Exercise goal: In your copy of the data, include no pictures and alter nothing else.

_ _ _ _ _ _ _

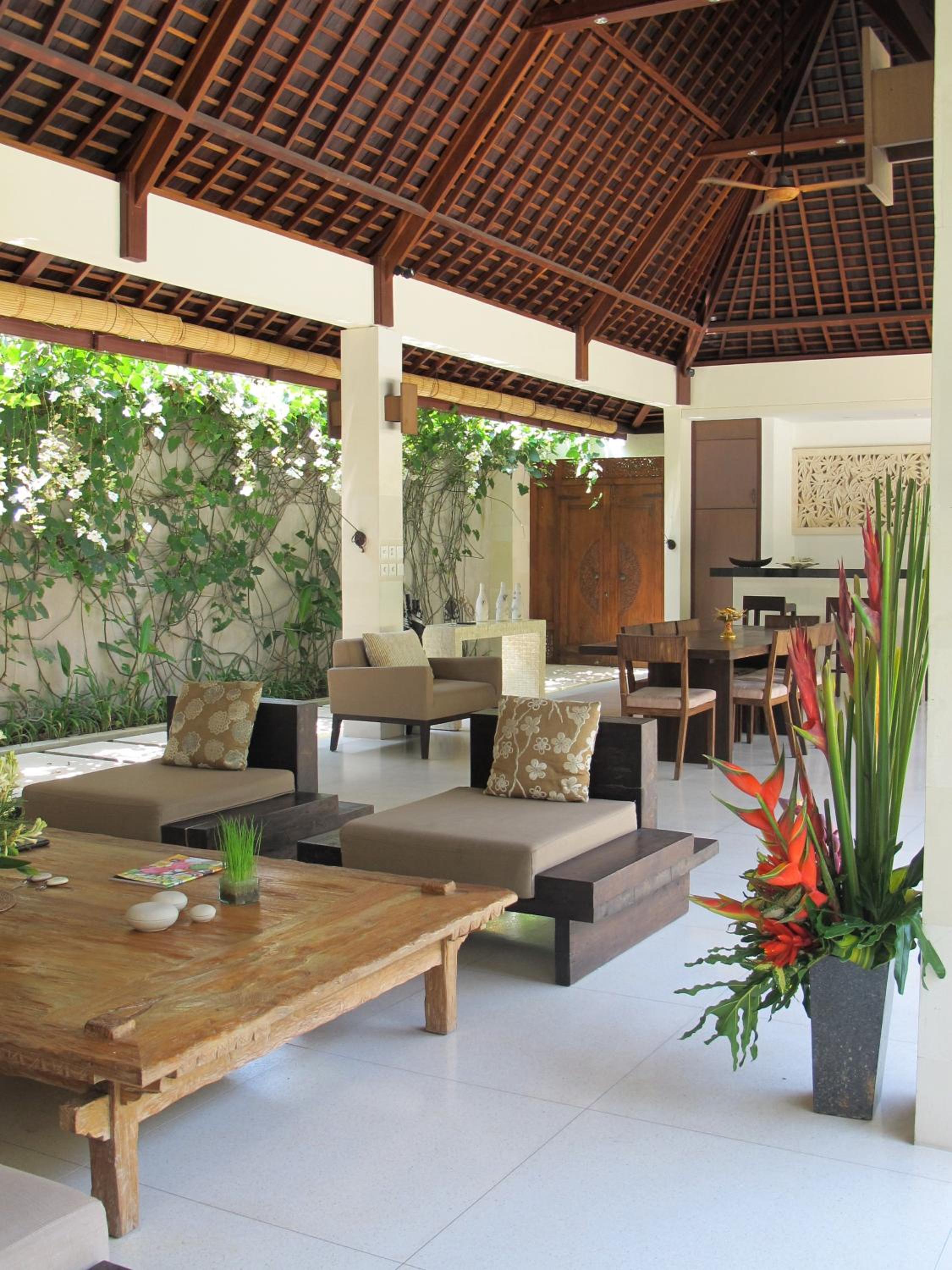 Four-Bedroom Villa with Private Pool and Fully Equipped Kitchenette - Photo 9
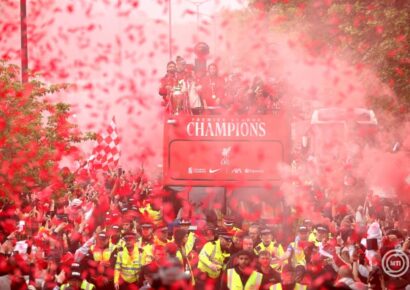 Rendőrség: Száznál többen sérültek meg, amikor a Liverpool múlt heti bajnoki parádéján a tömegbe hajtott egy autó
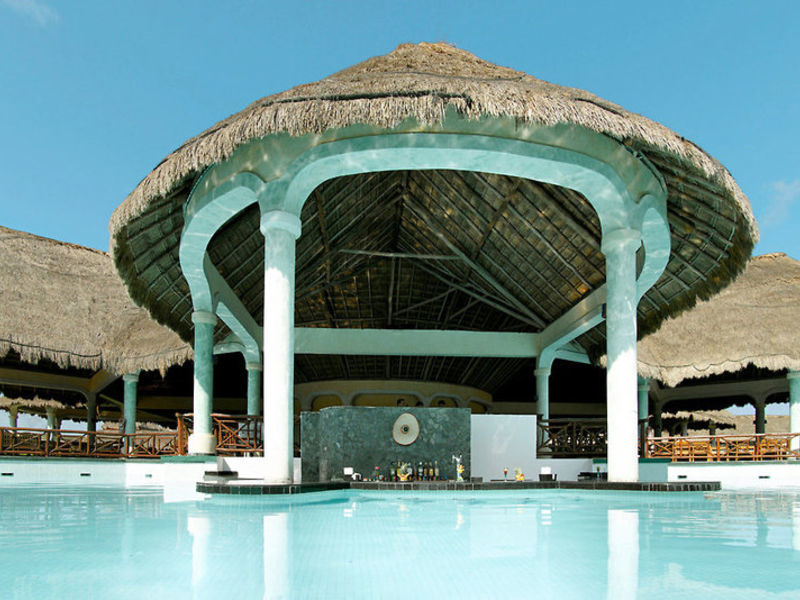 The Royal Suites Yucatán HH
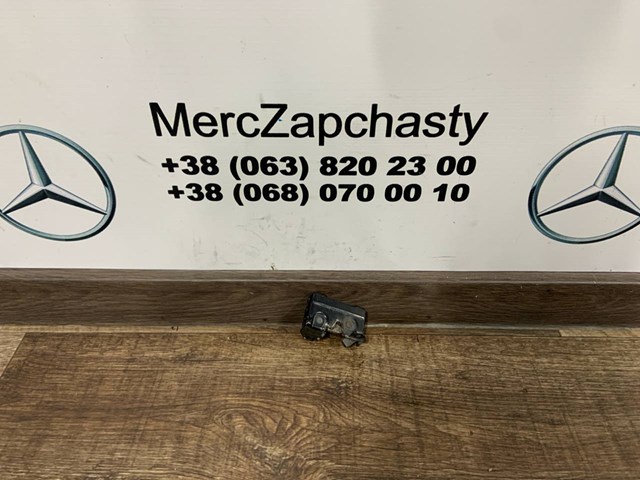 Запор капота (замок і привід замка капота) A2048800160 MERCEDES
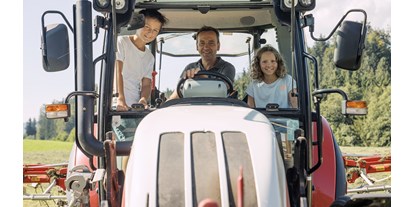 Urlaub auf dem Bauernhof - Mithilfe beim: Eier sammeln - PLZ 6233 (Österreich) - Traktorfahren - Feriengut Unterhochstätt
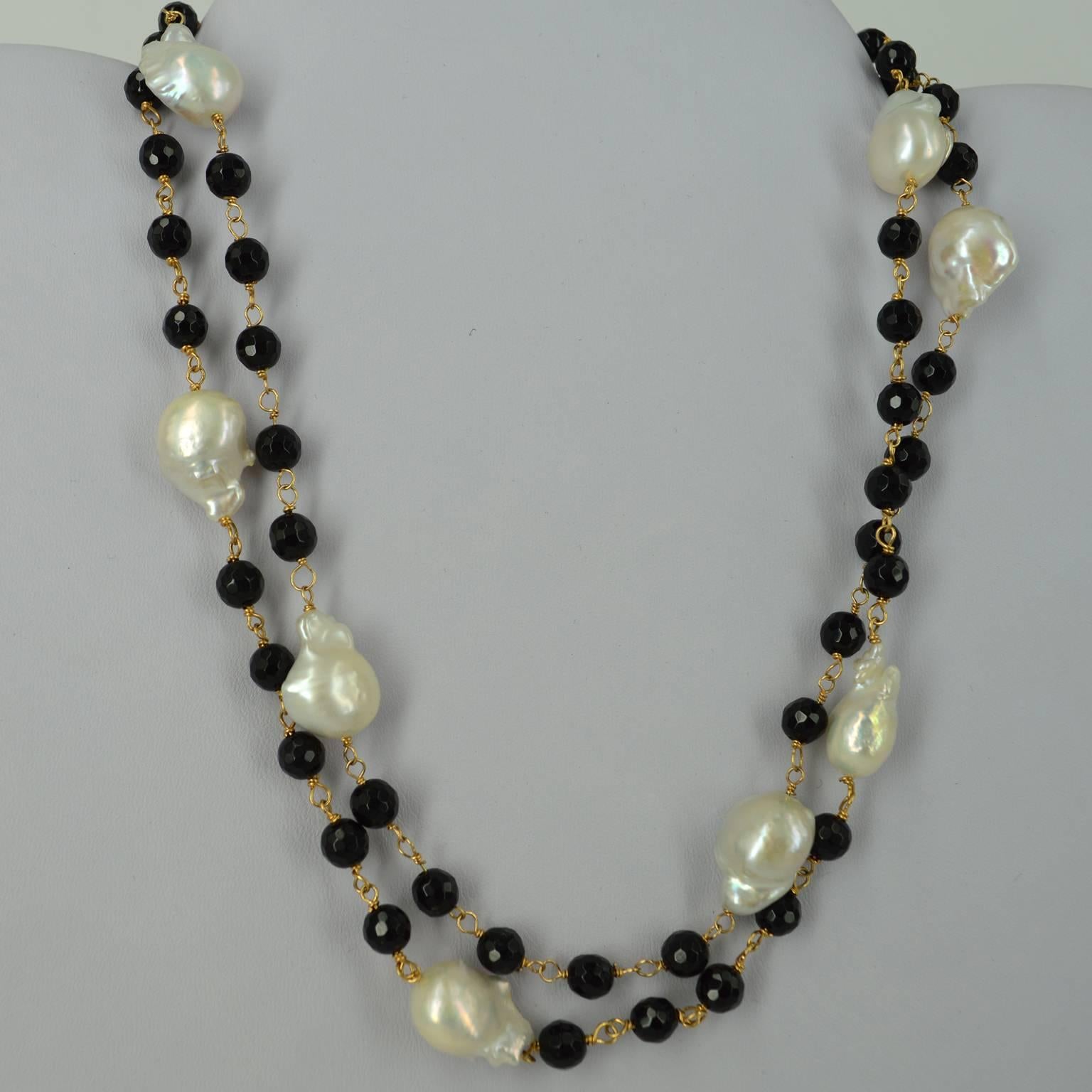 Onyx Keshi Pearl Gold Linked Bead Necklace In New Condition In Sydney, AU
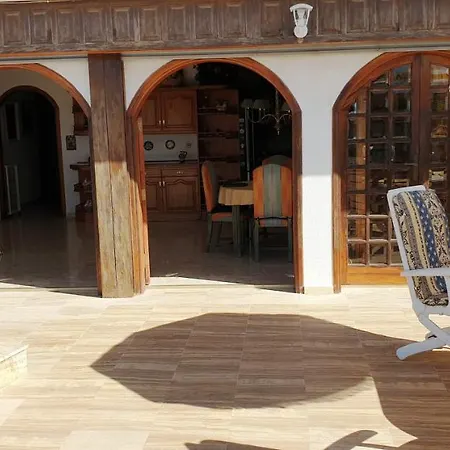 Sunny House With Private Pool And Sea View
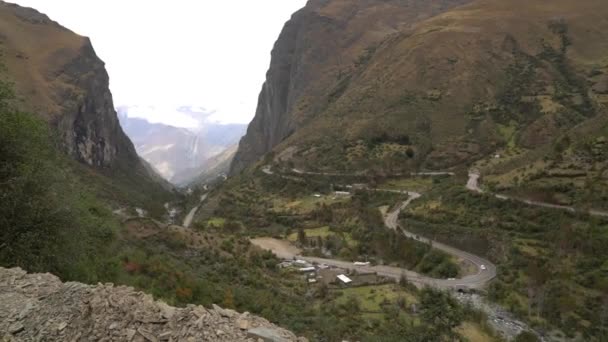 Klikatá Cesta Horského Průsmyku Abra Malaga Mezi Místy Cuzco Machu — Stock video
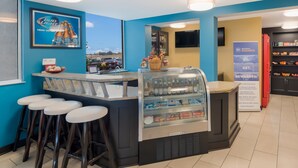 Bar (on property) - Jasper Inn (Jasper)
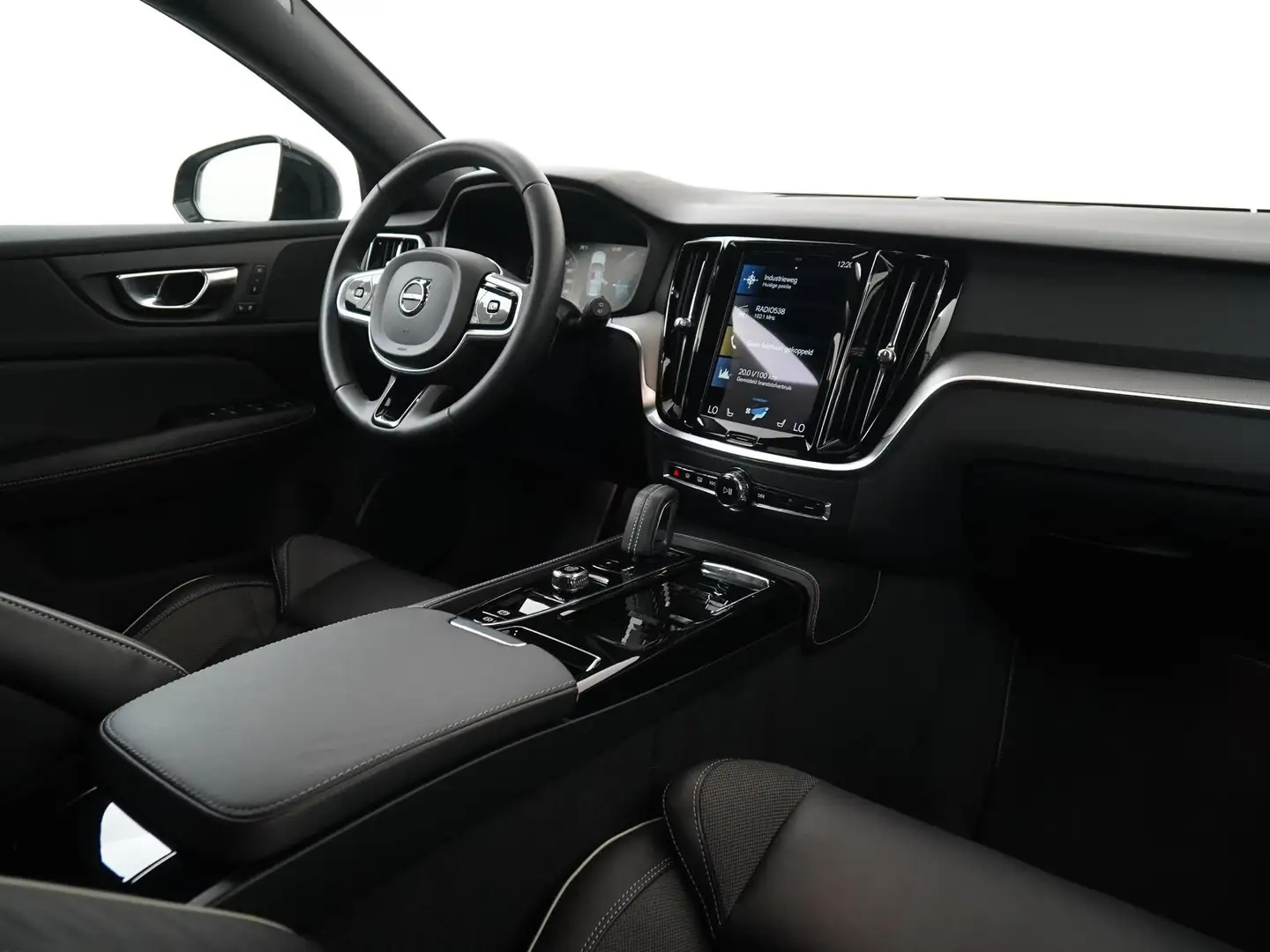 Volvo V60 2.0 T6 Recharge AWD R-Design | Trekhaak | Memory S Zwart - 2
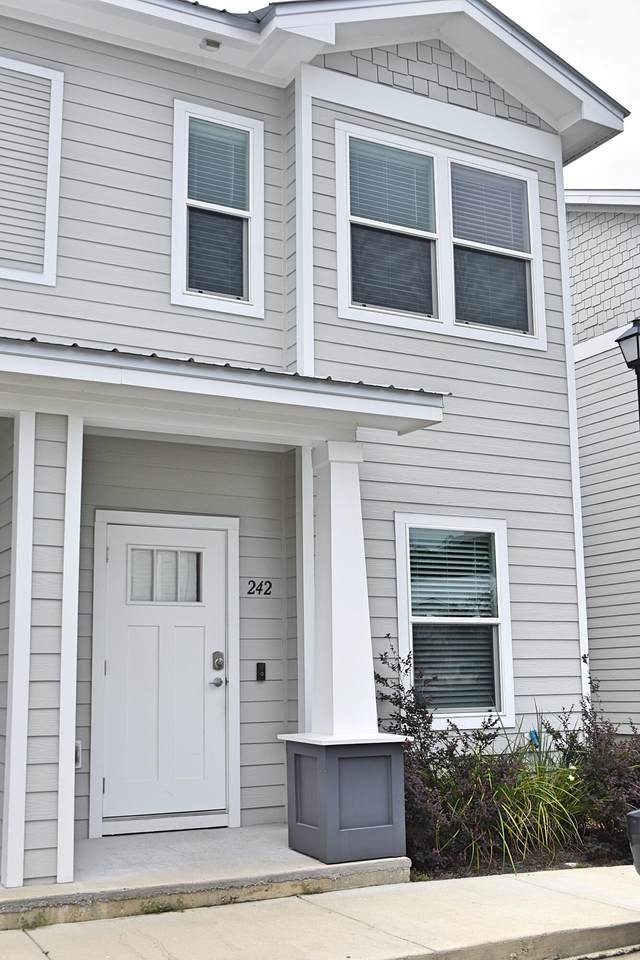 422 Date Palm Lane - Photo 1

_ _ _ _ _ _ _

Result below:
 Four-Bedroom Villa with Private Pool and Fully Equipped Kitchenette - Photo 9
 Rendőrség: Száznál többen sérültek meg, amikor a Liverpool múlt heti bajnoki parádéján a tömegbe hajtott egy autó
 The Royal Suites Yucatán HH
 Запор капота (замок і привід замка капота) A2048800160 MERCEDES
 Urlaub auf dem Bauernhof - Mithilfe beim: Eier sammeln - PLZ 6233 (Österreich) - Traktorfahren - Feriengut Unterhochstätt
 Onyx Keshi Pearl Gold Linked Bead Necklace In New Condition In Sydney, AU
 Sunny House With Private Pool And Sea View
 Klikatá Cesta Horského Průsmyku Abra Malaga Mezi Místy Cuzco Machu — Stock video
 Bar (on property) - Jasper Inn (Jasper)
 Volvo V60 2.0 T6 Recharge AWD R-Design | Trekhaak | Memory S Zwart - 2
 422 Date Palm Lane - Photo 1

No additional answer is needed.